Comment: Causality scale can be added in Section C.

FDA Response: FDA Disagrees. Causality is not assessed at the reporting level. Refer to 21 CFR 310.305(g), 21 CFR 314.80 (k), 21 CFR 600.80(k)(1), 21 CFR 803.16.

Comment: In section C10, Concomitant Medical Products and Therapy Dates (Exclude treatment of event), Dose of concomitant drugs should also be included.

FDA Response: FDA disagrees. Concomitant medical products are not limited to drug products, and may include medical devices, biologics and other regulated products. As concomitant products are not suspected to be related to the adverse event, it is not necessary to capture the dose.

Comment: In Section E1, along with Phone#, Email address can also be included.

FDA Response: FDA disagrees. Form 3500A section E already includes a field for email address, as does form 3500 Section G and form 3500B. However we have reviewed the name address field for Form 3500 and 3500A and believe data quality would be improved if separate fields for Last, name, first name, address, state, zip code and Country were also included instead of one field labeled “name and address” to capture all of that information.

5. Comments affecting Form 3500B

Comment – One commenter urged the inclusion of a Spanish version of FDA form 3500B.
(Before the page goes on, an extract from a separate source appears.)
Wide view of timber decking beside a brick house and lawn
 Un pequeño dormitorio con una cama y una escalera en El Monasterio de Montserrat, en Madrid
FDA Response: FDA agrees with the importance of communicating the benefits and risks of medical products to health care providers and patients, especially underrepresented populations, including those with Limited English proficiency. FDA’s language access plan outlines some of the steps FDA is taking to improve communications with underrepresented populations. FDA’s Drug safety communications are currently translated into Spanish and are available here. FDA is also working to improve the quality of the data received in adverse event reports received directly from consumers. At this time, FDA plans to focus resources on improving data quality from English-language consumer reports before evaluating how to best handle product experience information from non-English speaking consumers.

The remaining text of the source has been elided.